Очевидно, Энгельс полагает, что лишь эпоха новых могучих революций может возвести драматурга на такую высоту, где глубина анализа, широта философского синтеза окажутся совершенно вольно и, так сказать, грациозно соединенными с полнокровным реализмом.
Но нас здесь интересует другое, а именно — принятие Энгельсом справедливости признания за немецкой драмой «идейной глубины и сознательного исторического содержания».

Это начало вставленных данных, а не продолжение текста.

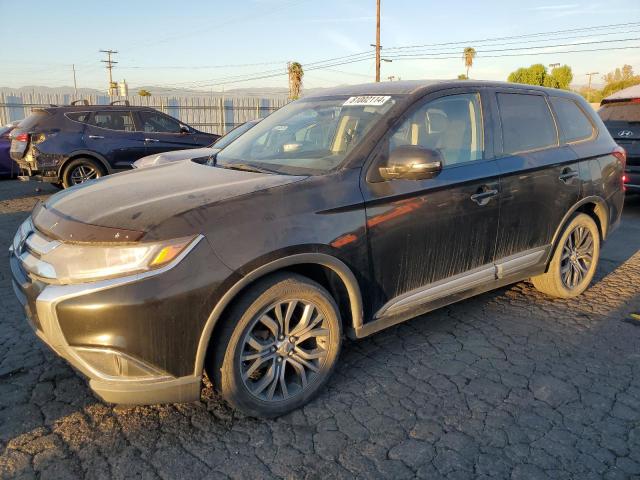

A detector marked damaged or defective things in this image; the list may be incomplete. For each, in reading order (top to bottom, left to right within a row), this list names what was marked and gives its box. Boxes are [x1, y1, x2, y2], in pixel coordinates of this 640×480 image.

cracked asphalt [1, 180, 640, 480]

О ком же мог здесь говорить Энгельс? Нет никакого сомнения, что он мог здесь говорить главным образом о Шиллере. Быть может, к этому он присоединял некоторые драмы Лессинга, такие драмы Гёте, как «Гёц»8 и «Эгмонт», и вряд ли что-нибудь другое. В немецкой драматургии существует еще некоторое количество интересных поэтов, но, конечно, ни Геббель, ни Грильпарцер, ни кто бы то ни было другой не может идти в сравнение с Шиллером в смысле «исторической сознательности», ибо философия Геббеля была глубоко оппортунистической, а Грильпарцер был чем-то вроде монархиста, только очень неугодного совсем уже темным филинам ультрароялизма.
Несколько ниже мы находим у Энгельса другую цитату: «Характеристика древних в наше время уже недостаточна, и здесь, мне кажется, вы могли бы считаться немножко больше со значением Шекспира в истории развития драмы»9.
Немножко больше. Энгельс вовсе не зовет Лассаля отбросить Шиллера и целиком перейти на почву «шекспиризирования».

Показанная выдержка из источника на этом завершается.